Psych Meds: A Love Letter

PSYCH MEDS: A LOVE LETTER

In my own way, this feel like livin’
Some alternate reality
And I was drownin’, but now I’m swimmin’
Through stressful waters to relief

Yeah, oh, the things I’d do
To spend a little time in Hell
And what I won’t tell you
I’ll prolly never even tell myself

Don’t you know that sunshine don’t feel right
When you inside all day?

I wish it was nice out, but it look like rain
Grey skies are driftin’, not livin’ forever

They told me it only gets better

Come Back to Earth – Mac Miller

A Little Ditty About Meds

Everyone sing with me now, to absolutely no set tune …

Youuuu haaaave Klonopin, Citalopram, Ativan, Prozac, Lexapro, Wellbutrin, Hydroxyzine, aaaanndd trazodone …

No, no, don’t hang up the phone …

You don’t want your chance at sanity to be blown!

Raise your hand 🙋🏻‍♀️ if any of these medications look or sound vaguely familiar. If you’re reading this, my guess is you’ve heard of more than one.

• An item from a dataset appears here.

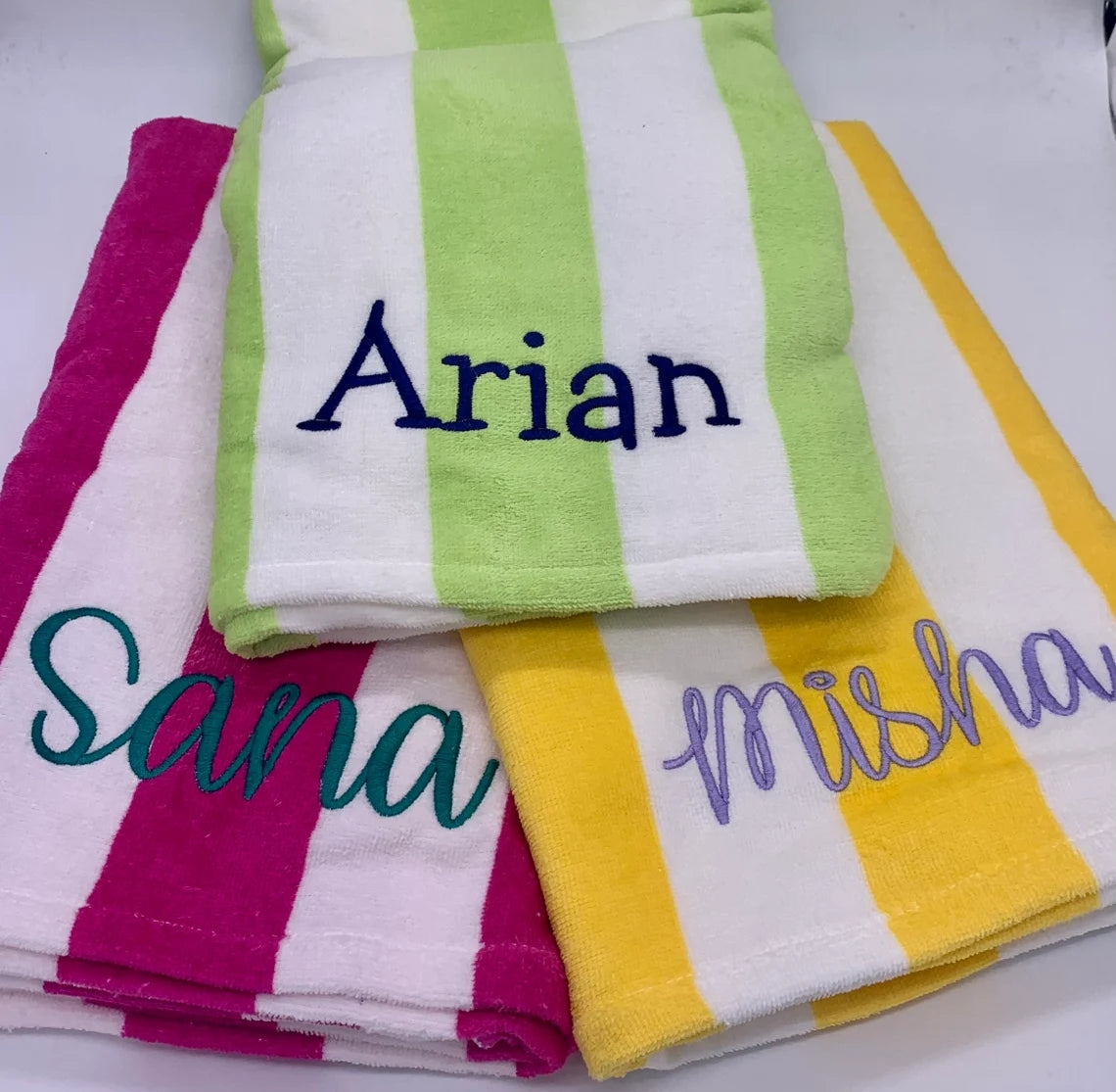 Personalized Embroidered Name Beach Towel 12 colors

Welcome to the last 20 years of my life. From denial, to awareness, and back to denial again. I’ve had a tumultuous love/hate relationship with psych meds.

A Little Backstory

Childhood

My childhood was full of lots of family and love on both my maternal and paternal sides. It was also full of cultural and generational trauma. With emotionally neglectful parents, A LOT of alcohol, and me being a highly sensitive person, life has been one wild ride.

Many a trauma response were developed: Fight, flight, perfectionism, addiction, lack of boundaries, anxiety, depression, people pleasing, ADHD, ignoring my instincts, validation seeking, low self-worth, self-proclaimed peacemaker …

Adulting

These followed me into adulthood from the career I chose to the friends and relationships I went into. Recreating my childhood trauma. From job to job and relationship to relationship, I remained faithfully, on and off the non-stop Farris wheel that I call my life.

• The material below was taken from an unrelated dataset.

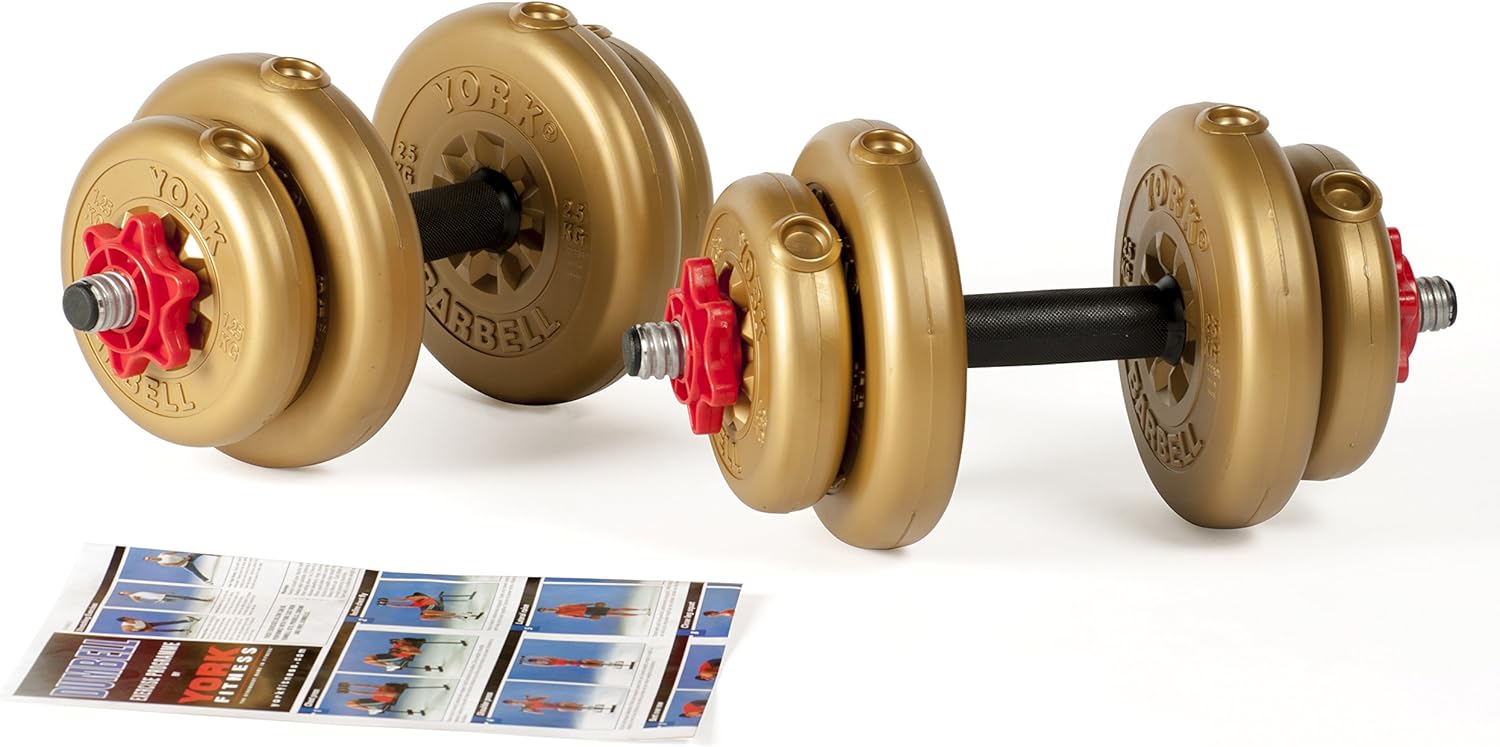 York Fitness Juego de Mancuernas Discos de Vinilo Dorado de 12 kg ...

All the while, even as a child, my awareness of my world was present. I could read a person and a room like nobody’s business. The problem was, I was wired to thrive in the fight or flight world. There was no smooth sailing. So that’s what I did. Lived in fight or flight.

An Introduction to Meds

Psychology and what makes the brain tick, what makes people do what they do, always intrigued me. Years of studying and in field experience with children and adults not only taught me about people in general, but A LOT about myself.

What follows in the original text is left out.